GOAL OF THE EXERCISE: What you return must be the exact lines of the material below, from the first through the one that has "Load image into", with no pictures and, please, nothing else.

START GIVEN DATA

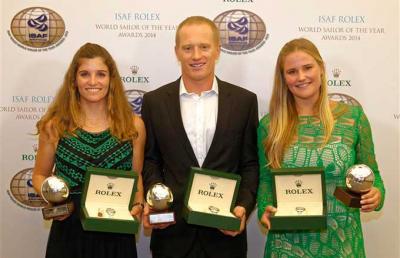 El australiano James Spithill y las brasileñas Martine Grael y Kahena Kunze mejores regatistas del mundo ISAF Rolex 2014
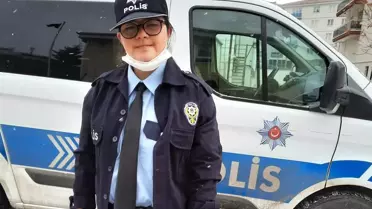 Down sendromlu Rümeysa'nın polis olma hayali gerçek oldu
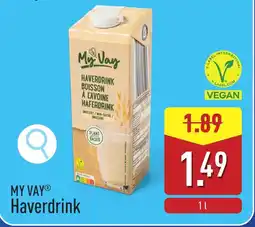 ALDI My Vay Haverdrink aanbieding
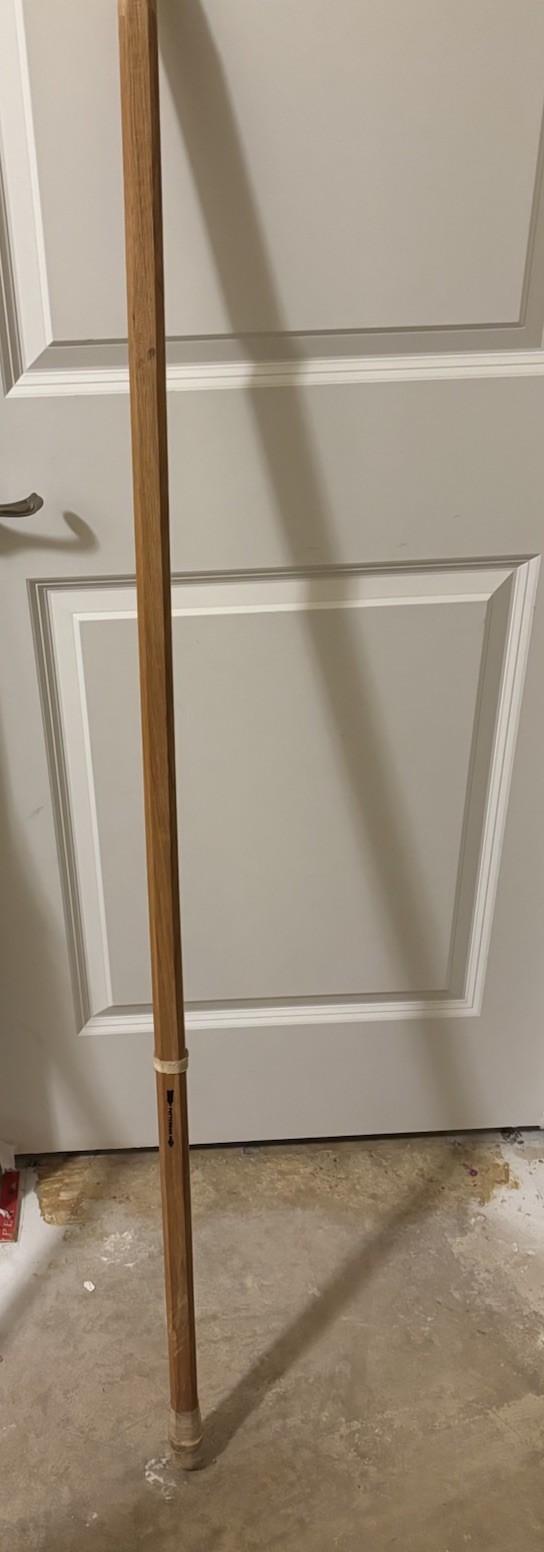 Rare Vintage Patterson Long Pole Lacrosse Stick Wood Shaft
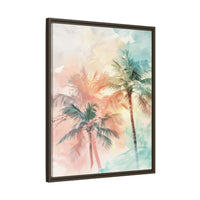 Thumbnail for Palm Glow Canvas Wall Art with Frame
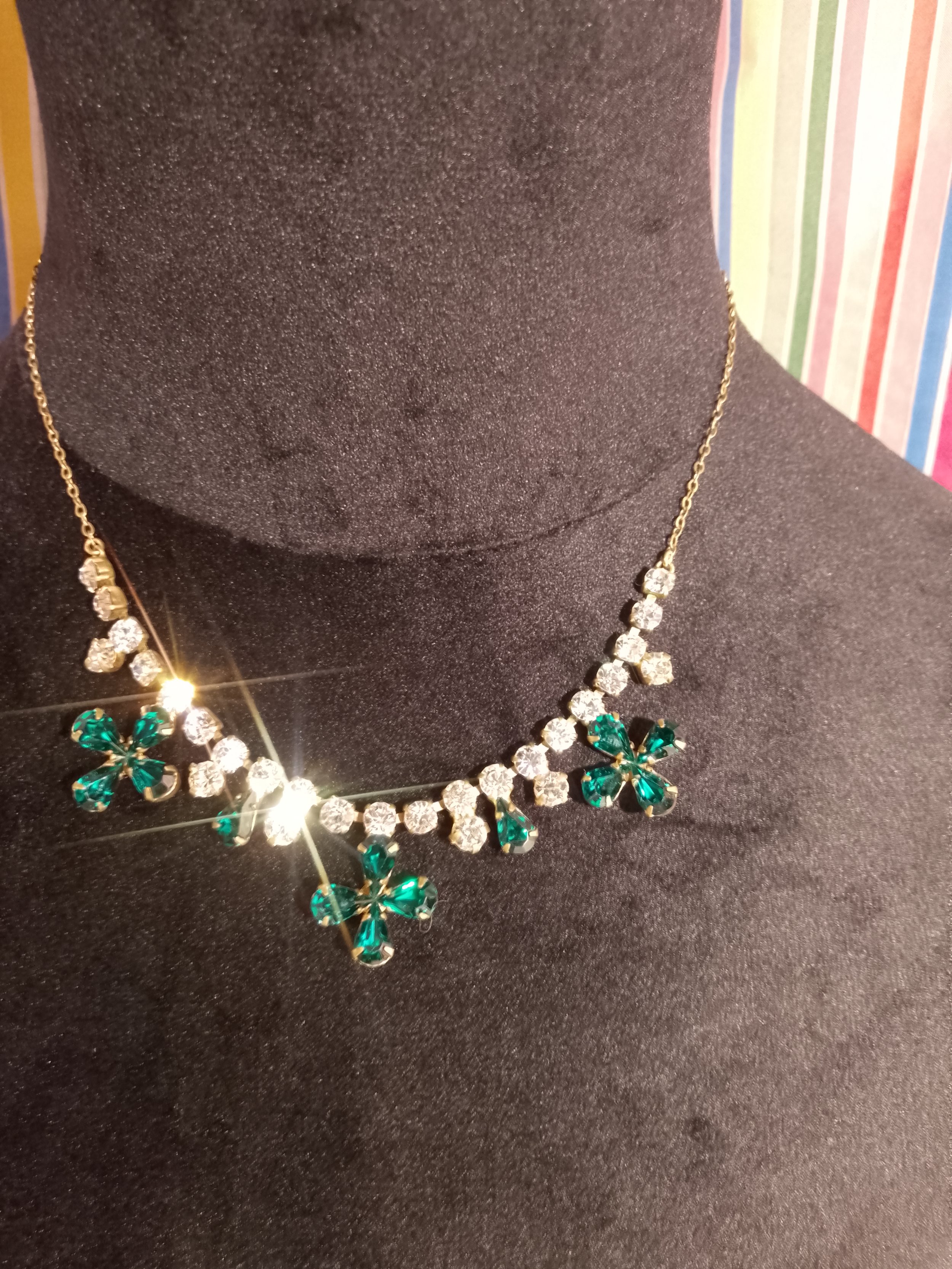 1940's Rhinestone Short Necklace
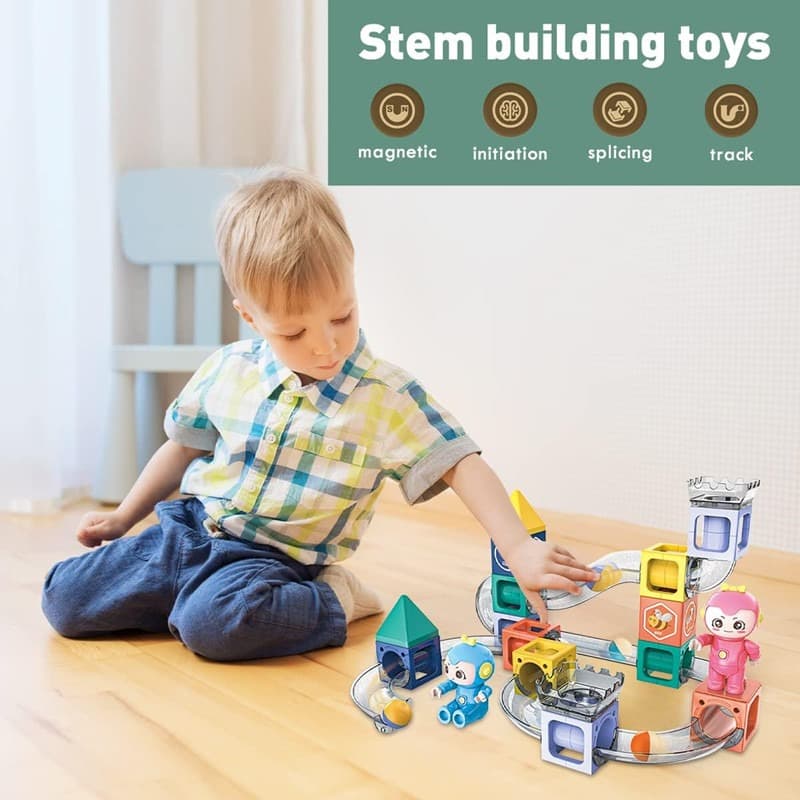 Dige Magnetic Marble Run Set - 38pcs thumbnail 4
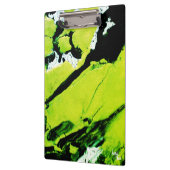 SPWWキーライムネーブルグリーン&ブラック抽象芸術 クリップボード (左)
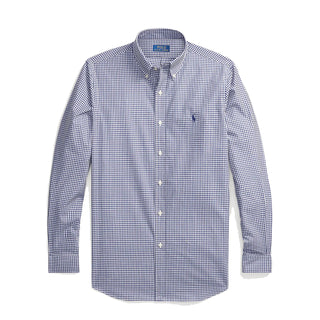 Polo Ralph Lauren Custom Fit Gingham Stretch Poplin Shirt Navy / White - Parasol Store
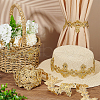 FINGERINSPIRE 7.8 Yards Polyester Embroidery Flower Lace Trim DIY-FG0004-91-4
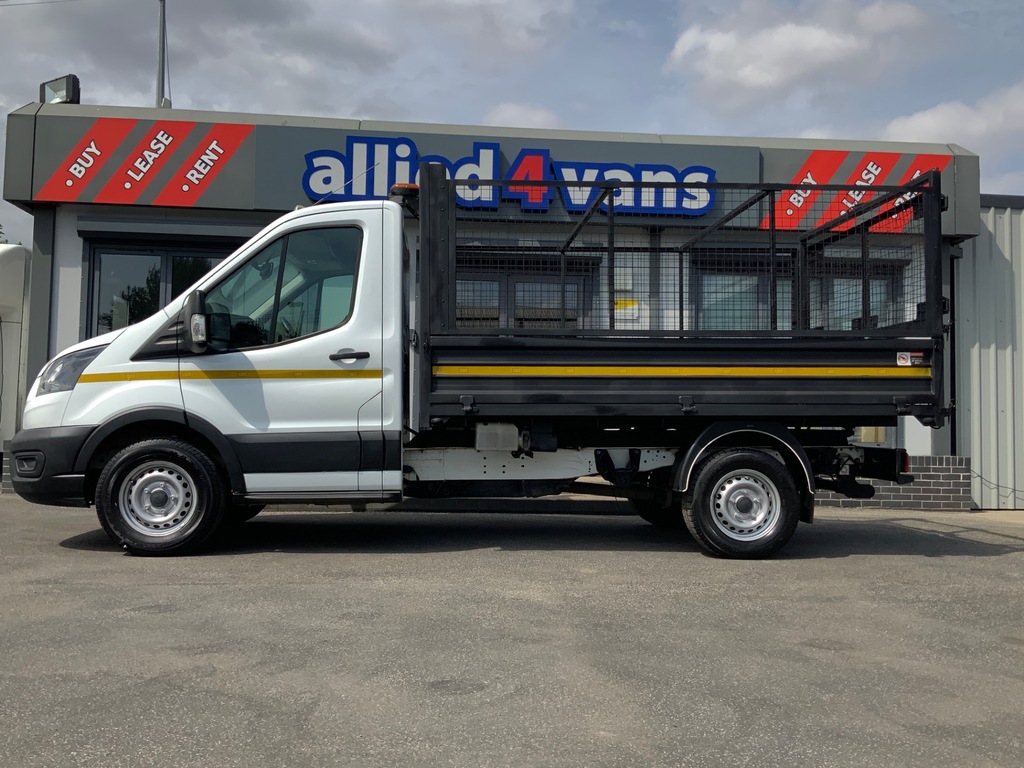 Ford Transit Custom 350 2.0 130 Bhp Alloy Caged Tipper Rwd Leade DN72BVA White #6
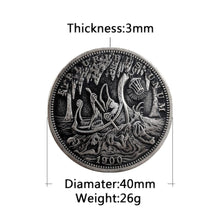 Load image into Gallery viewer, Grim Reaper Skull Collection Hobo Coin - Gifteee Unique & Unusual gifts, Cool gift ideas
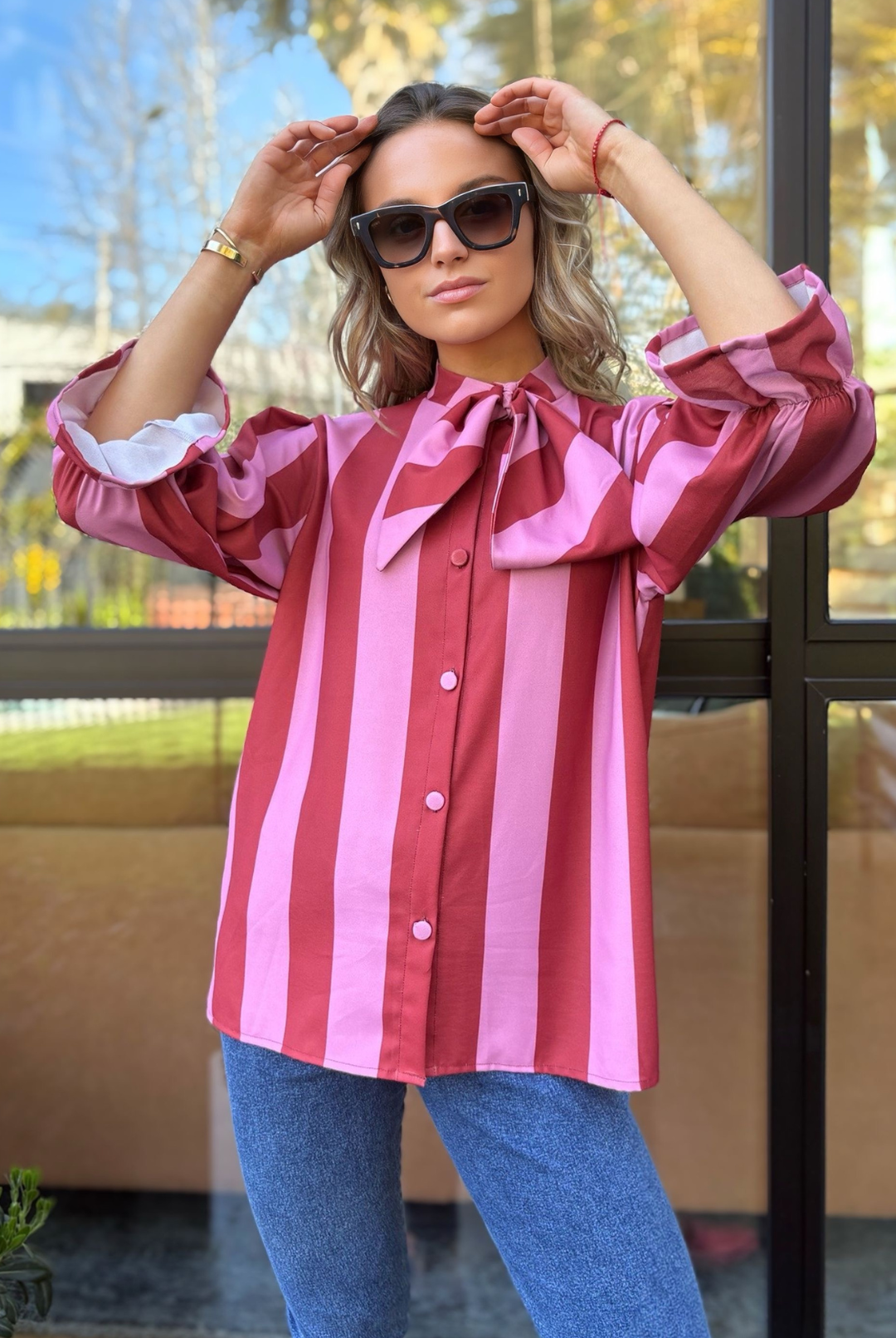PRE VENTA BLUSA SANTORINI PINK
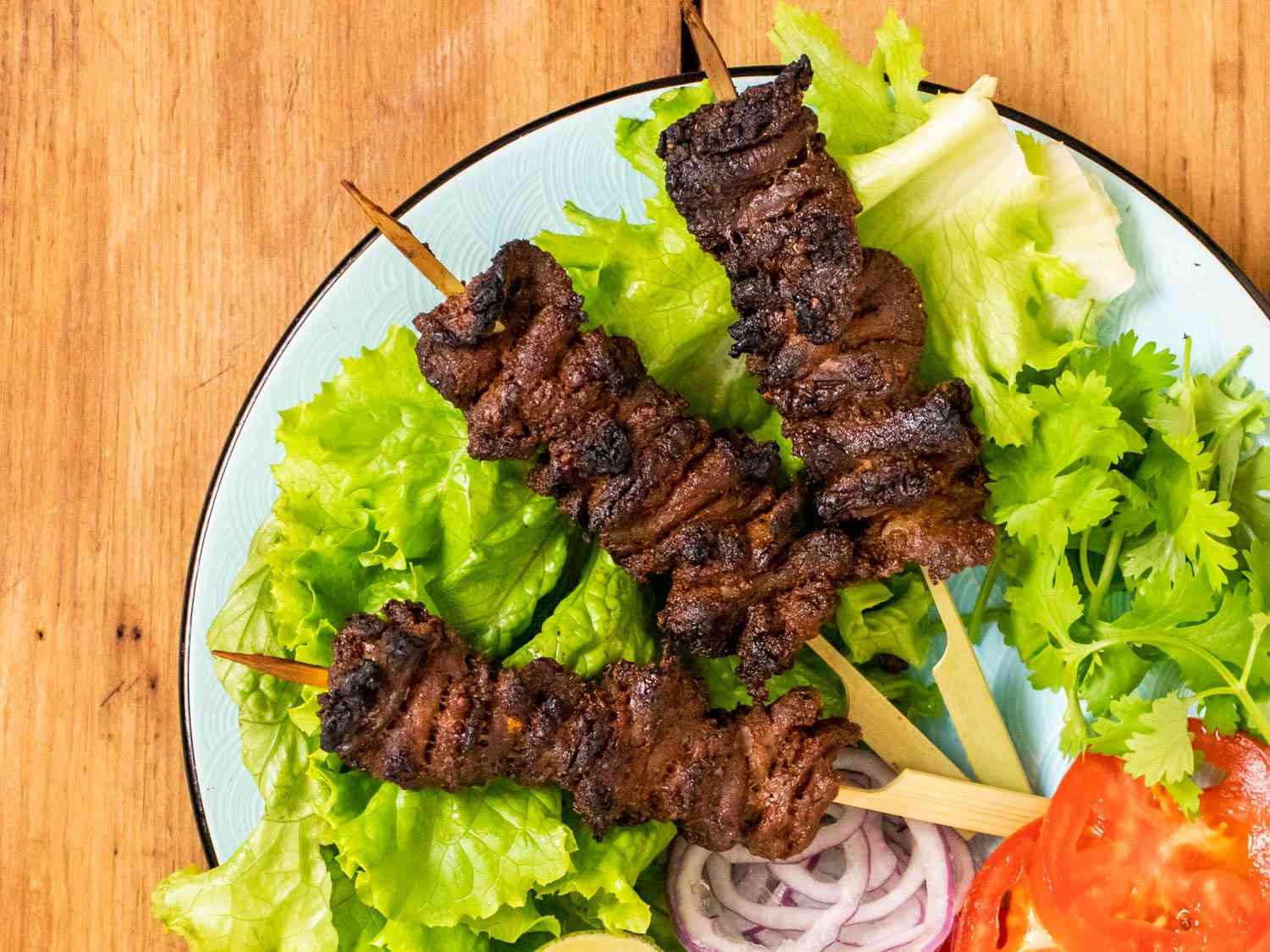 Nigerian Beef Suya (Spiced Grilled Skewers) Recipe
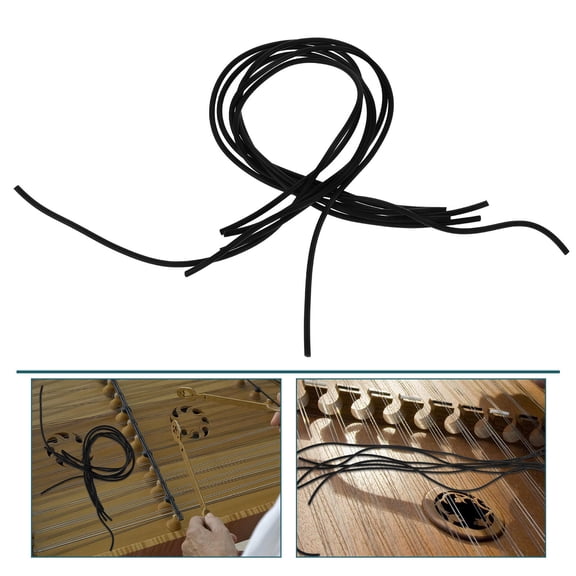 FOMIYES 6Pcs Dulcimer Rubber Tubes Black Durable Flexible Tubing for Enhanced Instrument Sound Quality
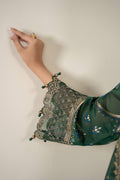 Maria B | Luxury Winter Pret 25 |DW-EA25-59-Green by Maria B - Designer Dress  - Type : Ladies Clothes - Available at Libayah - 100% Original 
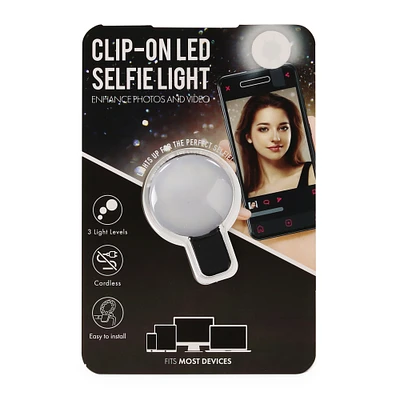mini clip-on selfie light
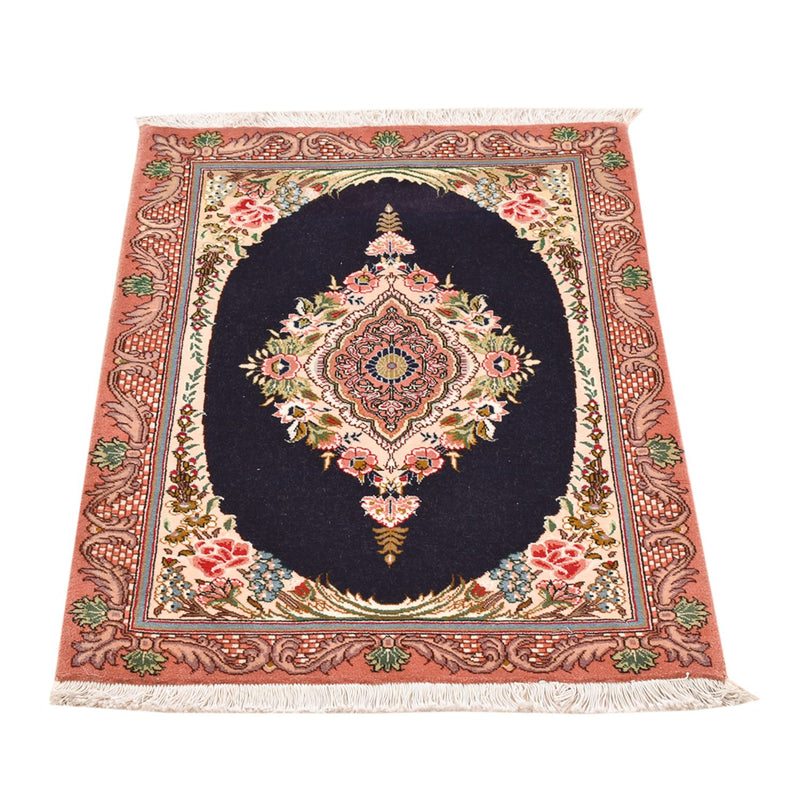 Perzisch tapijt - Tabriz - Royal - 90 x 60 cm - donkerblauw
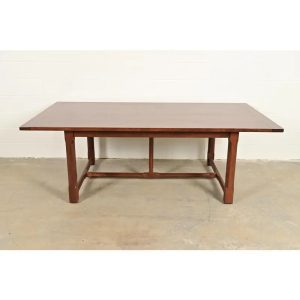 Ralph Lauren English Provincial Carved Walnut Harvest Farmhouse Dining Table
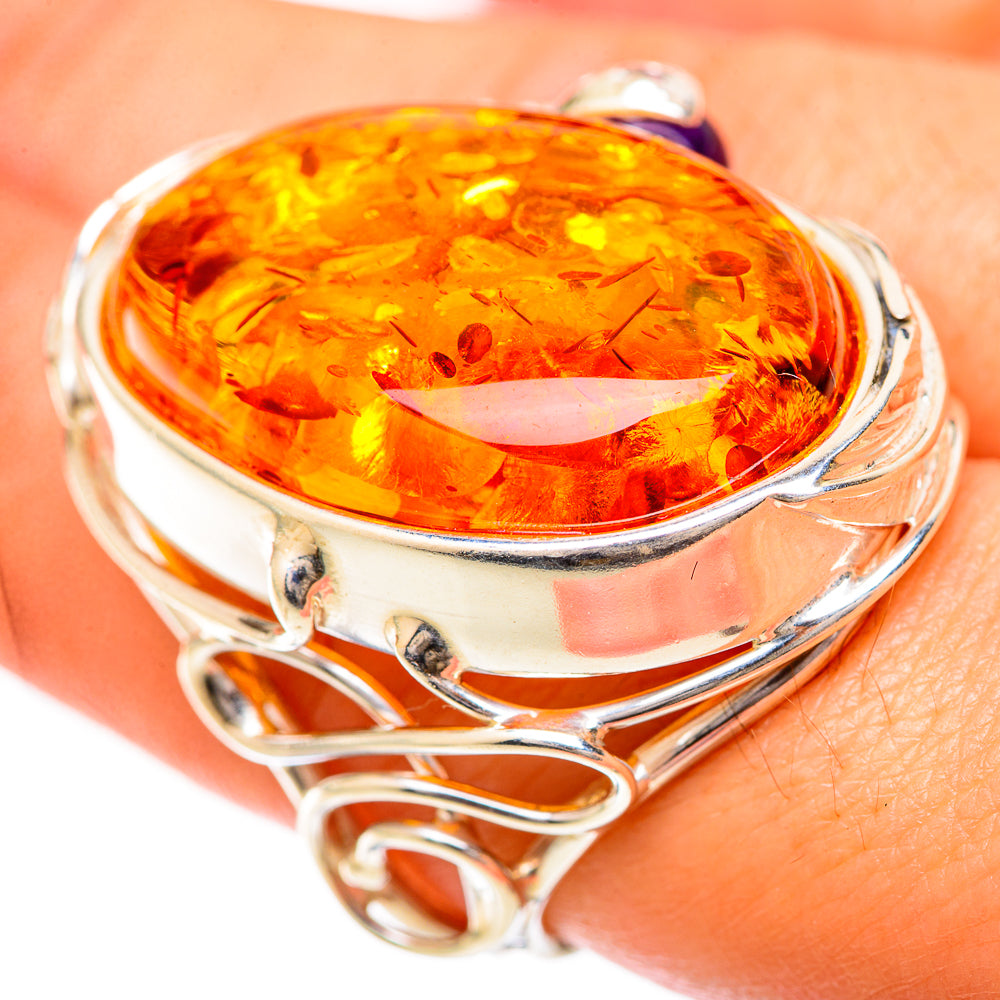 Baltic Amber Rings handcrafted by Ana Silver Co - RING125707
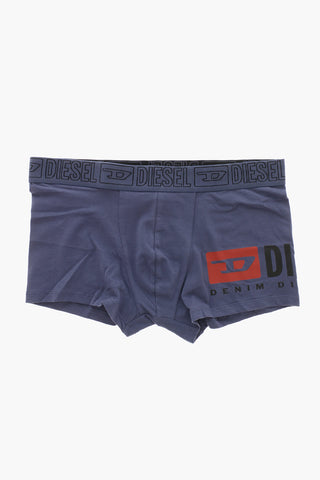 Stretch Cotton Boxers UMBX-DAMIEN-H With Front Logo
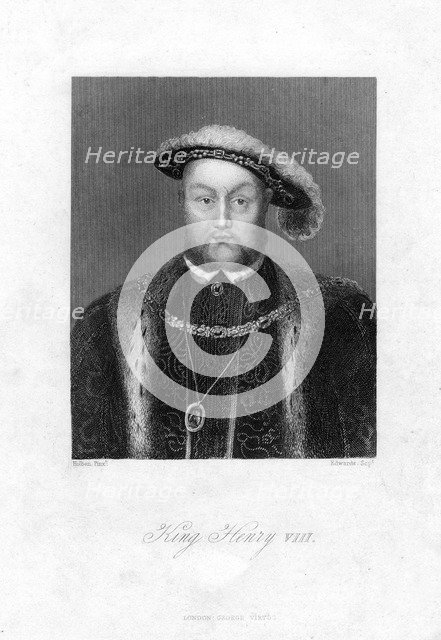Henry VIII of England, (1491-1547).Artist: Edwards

END GIVEN DATA

SOLUTION:
 El australiano James Spithill y las brasileñas Martine Grael y Kahena Kunze mejores regatistas del mundo ISAF Rolex 2014
 Down sendromlu Rümeysa'nın polis olma hayali gerçek oldu
 ALDI My Vay Haverdrink aanbieding
 Rare Vintage Patterson Long Pole Lacrosse Stick Wood Shaft
 Thumbnail for Palm Glow Canvas Wall Art with Frame
 1940's Rhinestone Short Necklace
 Dige Magnetic Marble Run Set - 38pcs thumbnail 4
 SPWWキーライムネーブルグリーン&ブラック抽象芸術 クリップボード (左)
 Polo Ralph Lauren Custom Fit Gingham Stretch Poplin Shirt Navy / White - Parasol Store
 FINGERINSPIRE 7.8 Yards Polyester Embroidery Flower Lace Trim DIY-FG0004-91-4
 Ford Transit Custom 350 2.0 130 Bhp Alloy Caged Tipper Rwd Leade DN72BVA White #6
 Load image into Gallery viewer, Grim Reaper Skull Collection Hobo Coin - Gifteee Unique & Unusual gifts, Cool gift ideas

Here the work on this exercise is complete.